Saturday, July 15, 2006

Stupid Blogger Tricks

My posts vary in length quite a bit. Sometimes they are really long-winded tirades, and other times they are just short meaningless outbursts. One thing that always bugged me about blogger was that there didn't seem to be any easy way to create a post that showed only the intro, and then a link you could click to see the full post if you were interested. I found some solutions in the blogger FAQs but didn't find them satisfactory. If you're looking for the same kind of thing I was, read on.

Searching blogger's help I could only really find two ready made solutions: this one and this one. The second solution was closest to what I wanted, and I used it for awhile, but there were two things I didn't like about it. First, the "Read Full Post" link would have to appear on every post, no matter how long or short it was. As you see near the end of the article, the ability to selectively apply it to individual posts was left as an exercise to the reader. Nice. Second, it required you to load a completely new page. I really wanted something that would just hide the text and expand it inline.

Well, one night this started really irritating me, and I finally came up with the following solution. It may not be optimal, but it works and does what I want it to. Change your blogger posting template to something like the text below.
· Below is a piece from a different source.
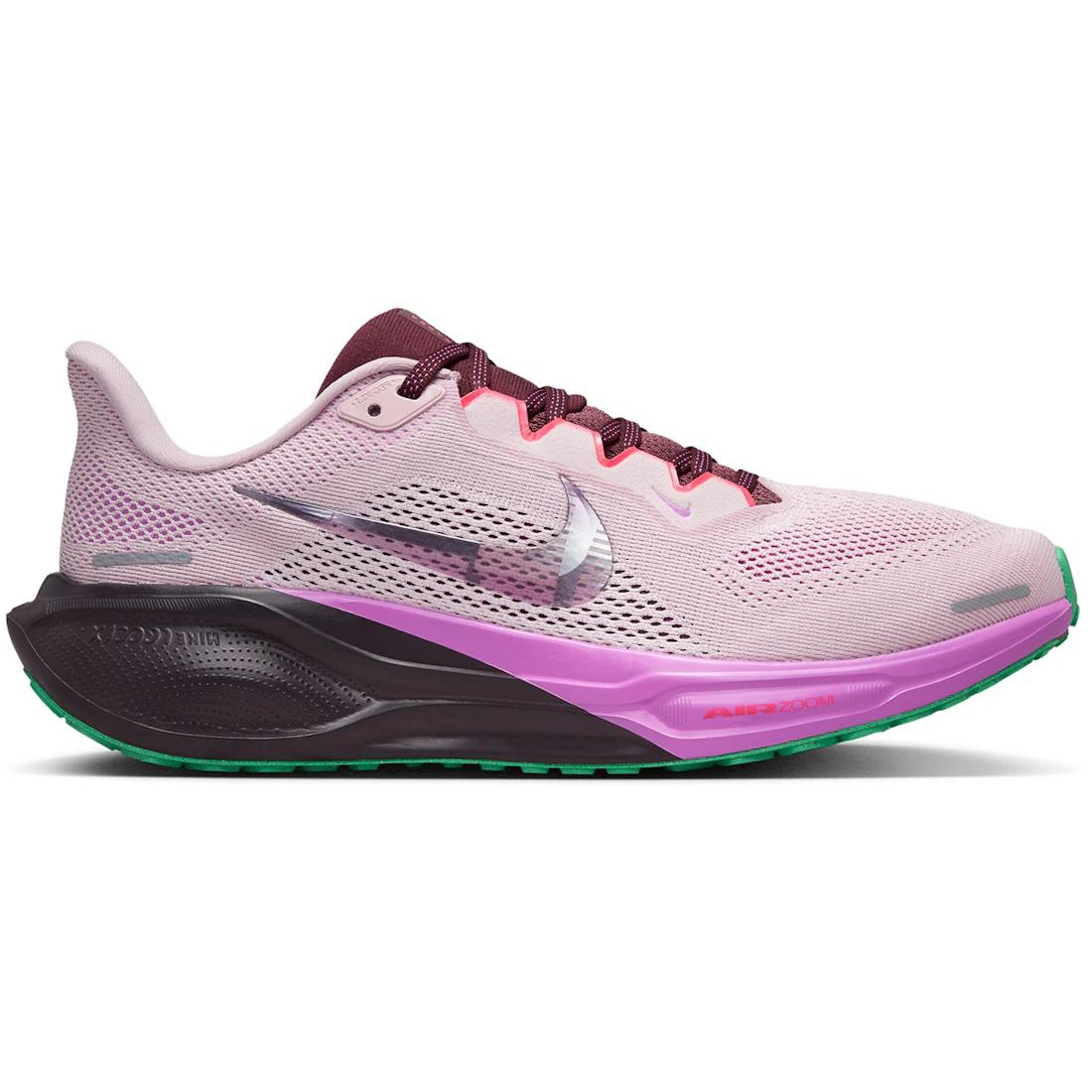 Кроссовки Nike Air Zoom Pegasus 41 Faith Kipyegon Plum Chalk (Женский)(IB4199-500) 37.5
Кроссовки Nike Air Zoom Pegasus 41 Faith Kipyegon Plum Chalk (Женский)(IB4199-500) 37.5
Then, when you create a new post, you edit what's there by putting your introductory paragraph, summary, or whatever where it says "Intro goes here ...". And, as you might guess, put the rest of your post in the section that says "Extended post goes here ...".

The only other thing, which admittedly is a bit of a nuisance, is that you should change the two instances of "postname" to some unique identifier for that particular post, so that you don't have overlapping spans.

I know this isn't exactly genius, especially for anyone who's done a lot of hand-coding of HTML, Javascript and CSS (that does not, unfortunately, describe me!). Sometime when I run out of other things to do, I'd like to tweak it a little, for example, I'd like to make it a toggle instead of having it completely disappear.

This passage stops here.